Janelle McDowell, Reporter

For teaching the longest at U-High, Michael Sondgeroth and Lester Hampton have impacted this school and the people within it.

“It was just the expectations here, the same expectations we put on our students, are placed on our faculty,” math teacher Mi Sondgeroth said. “We expect our students to be the best and the same is expected of our faculty.”

Sondgeroth previously worked as a TCH student before applying as a teacher. He was very impressed by the people he worked with and had mentors that made his transition easy.

“I student taught here, and that gave me an opportunity to see what a great school it was. I was open to the opportunity of teaching here,” Hampton said.

Hampton also student taught at U-High before applying, and this was his first career job after college.

In an interview, Markert described Sondgeroth as being this school’s “resident historian.”

“[Sondgeroth’s] impacted U-High in so many ways. He knows the entire history about basically everything related to U-High,” principal Andrea Markert said.

After being through so many years and changes, Sondgeroth provides a unique perspective. He knows the importance of each tradition and event.

“He does a lot of things that people probably don’t notice the importance of. I’m even talking about outside of the classroom,” assistant principal Steve Evans said.

Outside of the classroom, Sondgeroth reads names at graduation every year and even runs the practice for it. He also is the club sponsor for U-Build.

“I’ve seen how much work and time he puts into U-Build, it really means something to him,” senior Anna Rodriguez said.

Hampton also impacts U-High outside of the classroom.

“He’s really pushed us as a team and he always wants us to improve and get better. He’s pushed me to become a better runner,” senior Jack Franklin said.

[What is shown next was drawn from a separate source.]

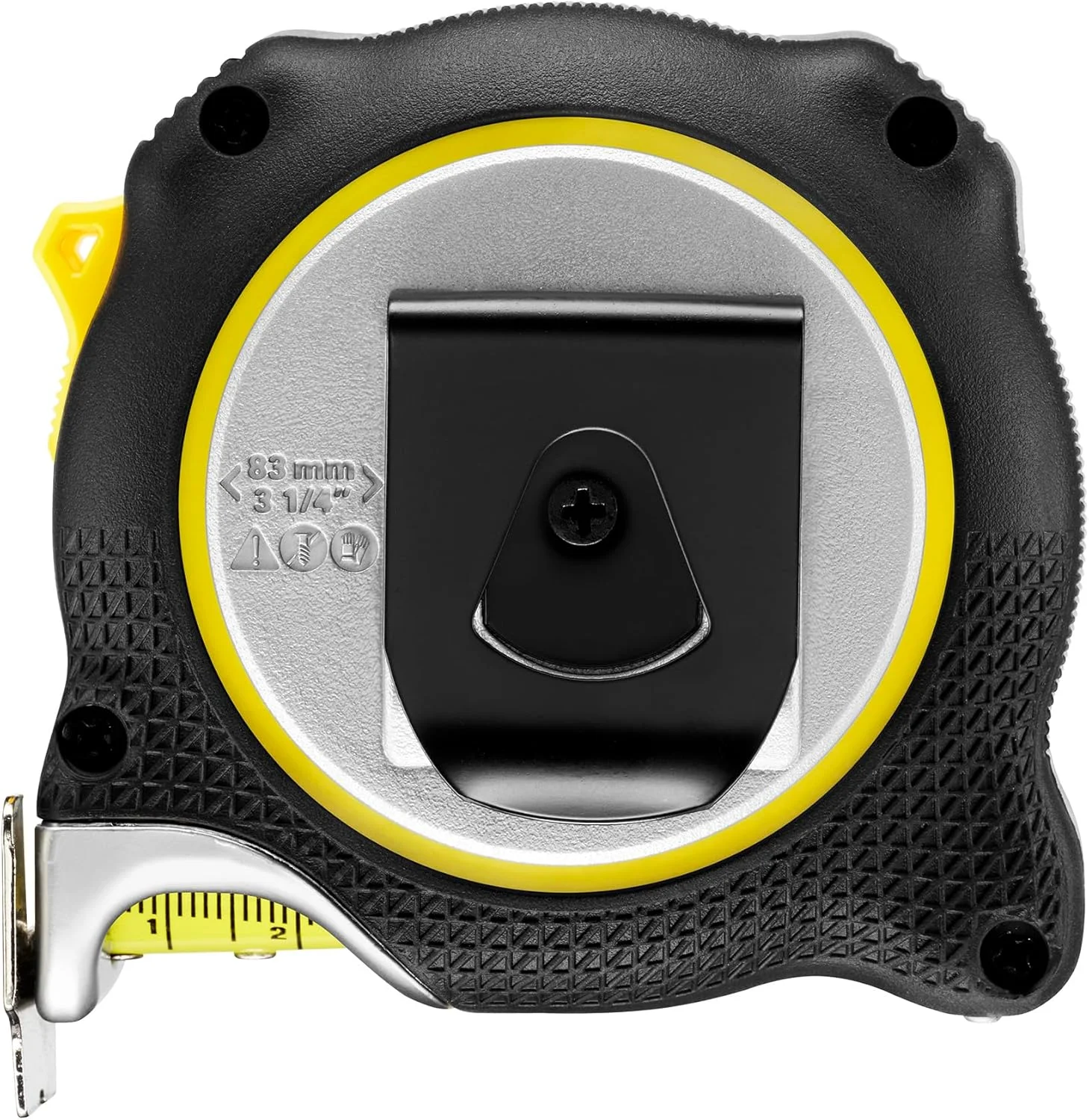 متر نواری 8 متری استنلی Fatmax Xtreme FMHT38217-0 (دارای ترمز انگشتی یکپارچه، نوار 16 سانتی متری با پوشش Bladearmor، قلاب فوق العاده بزرگ، چاپ دو طرفه، بدنه دو ماده ای محکم) متر نواری 8 متری استنلی Fatmax Xtreme FMHT38217-0 (دارای ترمز انگشتی یکپارچه، نوار 16 سانتی متری با پوشش Bladearmor، قلاب فوق العاده بزرگ، چاپ دو طرفه، بدنه دو ماده ای محکم)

Many runners are appreciative of Hampton’s coaching. Markert saw this on social media.

“I saw on the U-High Facebook post how so many of his previous runners posted about how he had changed their lives,” Markert said. “I think that pretty much encompasses everything about him.”

Evans has also seen Hampton’s impact personally.

“You have to think about the hundreds and hundreds and hundreds of students that he’s impacted. He care. He truly cares; it’s not just words,” Evans said.

As much as U-High has been impacted by Sondgeroth and Hampton, it’s made a big impact on them as well.

“Even though it’s been my only job, I’ve been to a lot of schools. Just the way that things operate here, the way that the teachers interact with the students and the way the students interact with the teachers, I think it’s just different,” Hampton said.

Hampton places a huge emphasis on interactions between students and teachers. His advice is to get to know students and show them that you really care for them.

“When I do walk out that door for the last time, it’s going to be emotional,” Hampton said. “But it’s also going to be an opportunity to look back on my time here with some really, really fun memories, memories that I won’t forget.”